The Europeans re-entered the Middle East only in 1798, when Napoleon came to Egypt -- one of his generals, Kleber, stayed behind and converted to Islam. (Incidentally, a certain well-heeled hotel, one that former Lebanese presidents and Arafat himself liked to stay in, in a very particular suite, when being put up by the Ministere des affaires etrangeres, is to be found in Paris on the Avenue Kleber).
For many hundreds of years the Arabs of the Middle East and North Africa were subject to rule, varying in the degree of its immediacy and power, by the Ottoman Turks. Even before 1517, when the Ottoman Turks conquered, the Mamelukes, who were of Turkic stock, ruled Egypt. It was the Europeans who largely freed the Arabs from Turkish rule.
The vast peninsula of Arabia (renamed after the Al-Saud family) was never subject to European colonial rule. In fact, the British made it a rule to use only naval power to do two things in the Persian Gulf: to end the Arab slave trade in black Africans, and to establish some modicum of peace between the constantly warring tribes -- including stamping out piracy, for this threatened their route to India and the East. And that was it. There were a few British garrisons later established, chiefly at the entrepot of Aden, and on side of the Gulf as well. There was no settlement by Europeans, nothing to exploit, no "colonization" in the Middle East itself (I'll get to North Africa in a minute). As for Syria-Lebanon and Iraq, the only pressure from the first was that of the European powers, chiefly France, to protect the local Christians from Muslim mistreatment. The French Mandate over Syria lasted for all of a quarter-century. It was not "colonial" in nature; there was no exploitation of the locals, but rather it became a net expense for the French. So too was the British Mandate in Mesopotamia, which lasted for a mere dozen years, from 1920 to 1932 (and when the British left, the Arabs promptly started massacring the Assyrians, though they had given assurances that they would not). What about Egypt? Egypt was given, for the only time in its modern history, or perhaps ever, an example of a relatively honest and efficient civil service under Lord Cromer. This did not amount to colonialism. Indeed, it created the conditions which allowed for the development of the Egyptian economy and the rule of law, while keeping corruption to a minimum. It constituted the best-ruled period in modern Egypt's history.
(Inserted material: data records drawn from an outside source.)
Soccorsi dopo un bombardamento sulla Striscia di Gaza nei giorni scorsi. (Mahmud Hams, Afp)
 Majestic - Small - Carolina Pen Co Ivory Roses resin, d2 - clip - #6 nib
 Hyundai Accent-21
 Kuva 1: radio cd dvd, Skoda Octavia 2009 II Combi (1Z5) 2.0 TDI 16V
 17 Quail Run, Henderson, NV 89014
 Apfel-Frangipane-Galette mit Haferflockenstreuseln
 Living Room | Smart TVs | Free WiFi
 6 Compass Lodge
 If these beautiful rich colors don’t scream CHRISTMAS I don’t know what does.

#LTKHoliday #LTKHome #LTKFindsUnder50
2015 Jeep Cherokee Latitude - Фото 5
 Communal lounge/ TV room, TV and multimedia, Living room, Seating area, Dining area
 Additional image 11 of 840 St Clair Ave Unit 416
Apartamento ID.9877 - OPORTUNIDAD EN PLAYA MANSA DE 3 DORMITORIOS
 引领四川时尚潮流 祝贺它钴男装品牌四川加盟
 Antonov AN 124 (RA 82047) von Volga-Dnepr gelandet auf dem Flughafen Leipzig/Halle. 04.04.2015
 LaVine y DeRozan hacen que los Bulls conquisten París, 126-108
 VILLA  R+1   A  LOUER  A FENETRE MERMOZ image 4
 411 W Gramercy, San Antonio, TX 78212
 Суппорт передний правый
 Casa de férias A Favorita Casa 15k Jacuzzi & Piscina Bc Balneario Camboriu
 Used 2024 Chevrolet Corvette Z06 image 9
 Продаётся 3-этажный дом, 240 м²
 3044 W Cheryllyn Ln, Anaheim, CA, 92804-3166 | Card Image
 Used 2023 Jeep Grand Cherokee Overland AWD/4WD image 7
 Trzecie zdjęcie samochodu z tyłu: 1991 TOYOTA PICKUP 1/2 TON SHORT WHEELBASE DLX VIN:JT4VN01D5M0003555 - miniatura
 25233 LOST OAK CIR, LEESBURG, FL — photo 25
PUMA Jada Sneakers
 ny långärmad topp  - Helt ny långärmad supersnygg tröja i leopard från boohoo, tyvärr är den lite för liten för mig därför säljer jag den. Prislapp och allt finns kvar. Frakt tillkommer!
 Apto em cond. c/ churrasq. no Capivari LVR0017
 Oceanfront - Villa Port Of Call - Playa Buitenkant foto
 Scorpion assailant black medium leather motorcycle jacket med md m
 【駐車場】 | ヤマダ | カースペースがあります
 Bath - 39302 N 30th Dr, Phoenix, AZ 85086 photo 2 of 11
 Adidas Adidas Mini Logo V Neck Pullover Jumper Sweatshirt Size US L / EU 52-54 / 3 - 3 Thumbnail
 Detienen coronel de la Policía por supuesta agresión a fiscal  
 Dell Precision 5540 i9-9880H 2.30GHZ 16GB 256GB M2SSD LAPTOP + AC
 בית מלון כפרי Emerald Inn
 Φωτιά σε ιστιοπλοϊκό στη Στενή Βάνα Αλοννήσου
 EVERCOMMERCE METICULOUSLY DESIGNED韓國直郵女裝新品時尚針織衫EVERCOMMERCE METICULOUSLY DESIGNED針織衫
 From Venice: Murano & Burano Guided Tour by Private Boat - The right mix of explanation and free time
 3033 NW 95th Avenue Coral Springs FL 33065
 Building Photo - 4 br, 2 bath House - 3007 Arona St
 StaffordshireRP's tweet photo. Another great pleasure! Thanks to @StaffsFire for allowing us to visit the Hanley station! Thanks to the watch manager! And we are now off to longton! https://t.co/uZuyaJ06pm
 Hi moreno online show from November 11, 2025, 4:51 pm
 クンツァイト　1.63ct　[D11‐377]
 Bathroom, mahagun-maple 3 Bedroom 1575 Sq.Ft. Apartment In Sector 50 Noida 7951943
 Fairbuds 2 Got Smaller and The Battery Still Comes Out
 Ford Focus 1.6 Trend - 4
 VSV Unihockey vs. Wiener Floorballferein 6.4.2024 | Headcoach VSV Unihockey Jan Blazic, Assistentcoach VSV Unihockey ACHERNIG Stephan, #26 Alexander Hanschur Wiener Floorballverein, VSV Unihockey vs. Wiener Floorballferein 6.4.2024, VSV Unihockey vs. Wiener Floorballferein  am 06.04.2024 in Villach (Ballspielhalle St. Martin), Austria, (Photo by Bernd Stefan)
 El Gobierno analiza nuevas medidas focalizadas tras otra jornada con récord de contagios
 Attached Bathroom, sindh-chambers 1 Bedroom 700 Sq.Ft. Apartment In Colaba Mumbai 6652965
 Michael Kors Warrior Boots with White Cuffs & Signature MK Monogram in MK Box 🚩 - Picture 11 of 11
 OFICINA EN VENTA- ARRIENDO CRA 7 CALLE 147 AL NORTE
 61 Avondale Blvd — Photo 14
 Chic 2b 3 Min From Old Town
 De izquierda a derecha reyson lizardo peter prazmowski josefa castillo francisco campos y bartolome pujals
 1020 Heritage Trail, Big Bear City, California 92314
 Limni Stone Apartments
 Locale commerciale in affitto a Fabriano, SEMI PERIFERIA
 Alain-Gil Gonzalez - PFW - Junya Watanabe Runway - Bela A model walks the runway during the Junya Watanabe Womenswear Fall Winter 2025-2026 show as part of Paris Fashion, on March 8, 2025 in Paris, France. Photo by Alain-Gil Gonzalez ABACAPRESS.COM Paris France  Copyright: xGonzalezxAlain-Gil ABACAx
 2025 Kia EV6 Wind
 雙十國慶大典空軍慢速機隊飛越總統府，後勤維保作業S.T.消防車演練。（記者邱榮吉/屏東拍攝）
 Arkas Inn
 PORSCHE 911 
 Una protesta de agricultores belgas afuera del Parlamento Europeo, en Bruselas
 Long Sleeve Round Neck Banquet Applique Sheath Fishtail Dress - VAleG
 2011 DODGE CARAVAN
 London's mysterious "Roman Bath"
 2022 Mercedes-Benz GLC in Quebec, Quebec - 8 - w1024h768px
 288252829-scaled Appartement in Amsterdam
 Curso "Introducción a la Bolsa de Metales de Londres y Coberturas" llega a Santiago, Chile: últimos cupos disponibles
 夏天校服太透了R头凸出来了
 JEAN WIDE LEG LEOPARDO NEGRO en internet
And when that ended in 1922, the effects did not disappear but lingered, even unto the final fall of Farouk in 1952 -- when the colonels not only removed the ancien regime, but promptly "nationalized" all the property owned by the Greeks, the Jews, the Italians, and others who had lived in Egypt for generations.
As for Libya, Tunisia, Morocco, Algeria -- well, in Libya everything that was built that is worth noting either was left by the Romans, or was built by much later craftsmen from the Italian peninsula who arrived early in the last century. If that constitutes "colonialism" -- and compare the rule under Italy with that under either King Idris or Khaddafy -- few people would not have welcomed such a fate.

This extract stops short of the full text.